GIVEN DATA:
☆ ☆ ☆

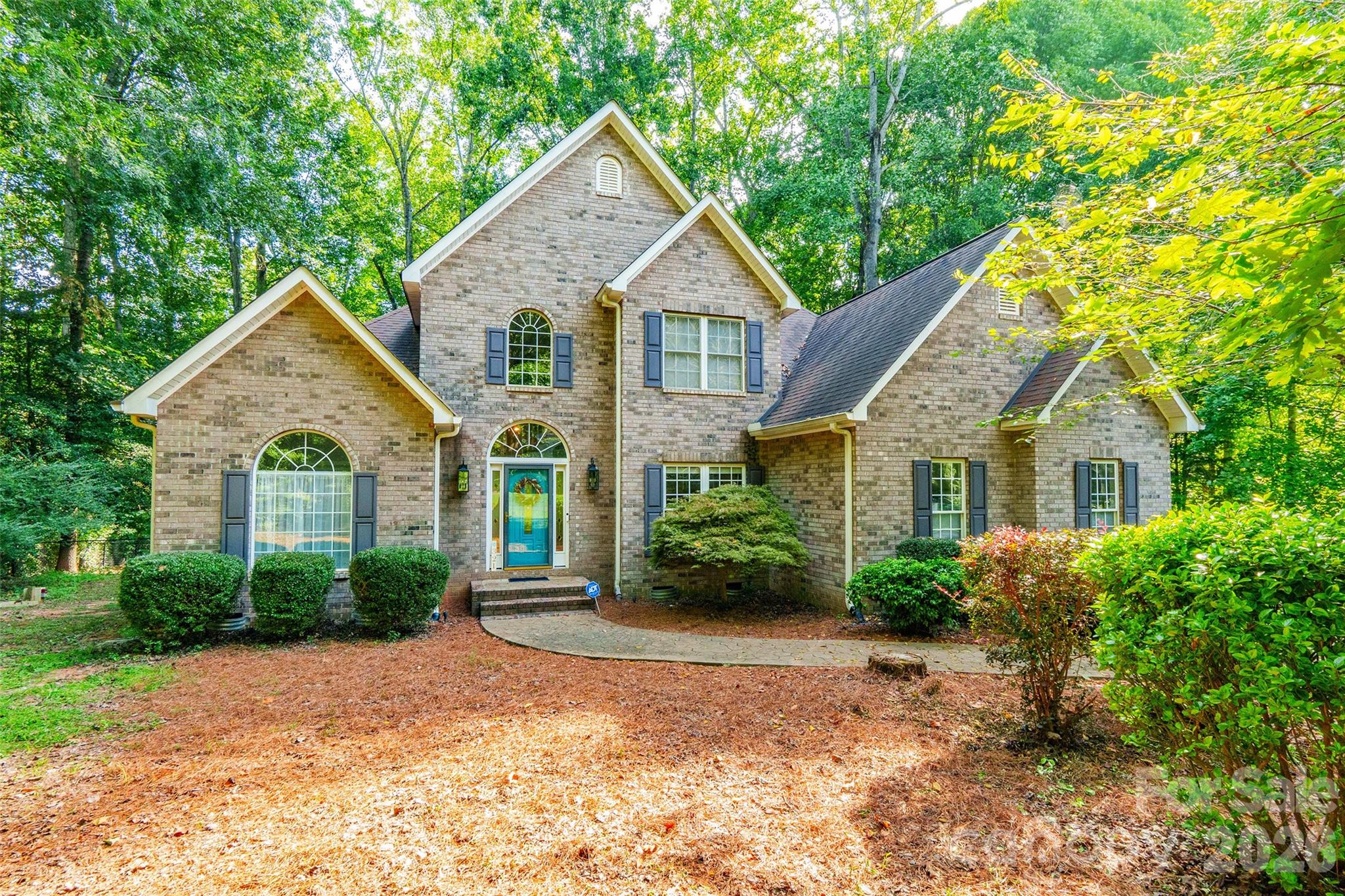 321 Forbes Court Clover, SC 29710 - Photo 31 of 31 a view of a yard in front of a house with plants and large trees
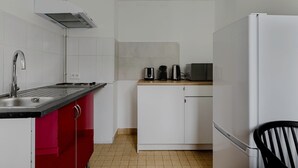 A compact kitchen with a sink, stove, and microwave. - Blueground | Jardin du Luxembourg, near gardens (Paris)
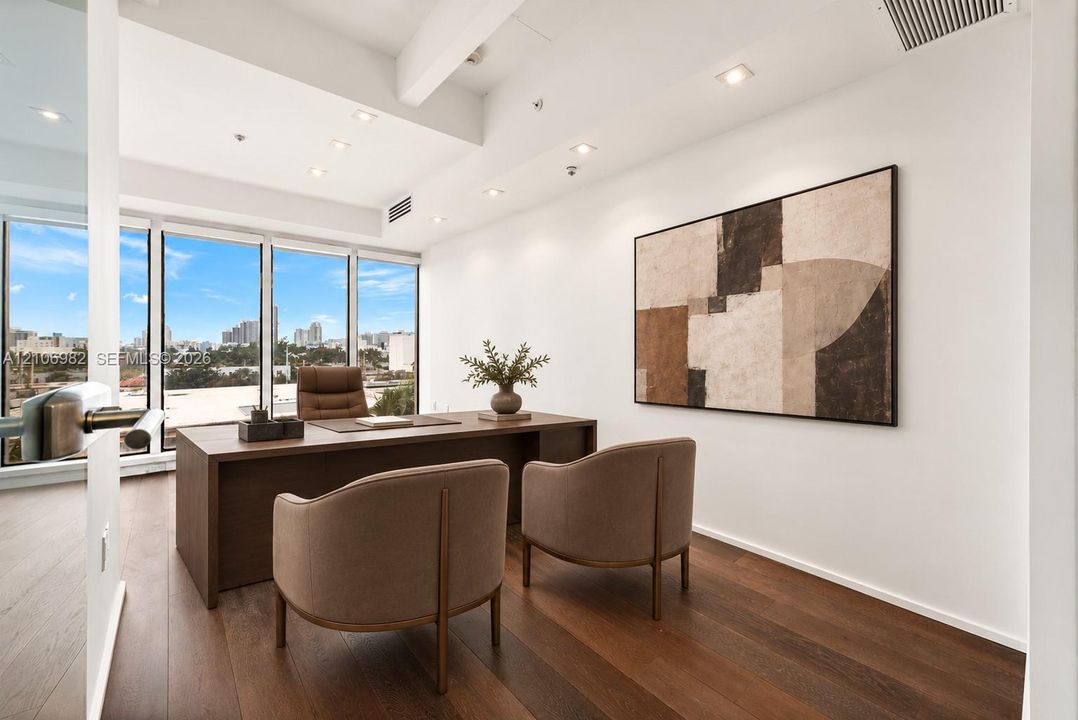 Floor-to-ceiling windows with skyline views, dark wood-finish flooring, recessed lighting, and exposed structural ceiling beam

☆ ☆ ☆

AIM OF THE EXERCISE:
Apart from the images, every line above is to be given again exactly.

ANSWER:
 321 Forbes Court Clover, SC 29710 - Photo 31 of 31 a view of a yard in front of a house with plants and large trees
 A compact kitchen with a sink, stove, and microwave. - Blueground | Jardin du Luxembourg, near gardens (Paris)
 Floor-to-ceiling windows with skyline views, dark wood-finish flooring, recessed lighting, and exposed structural ceiling beam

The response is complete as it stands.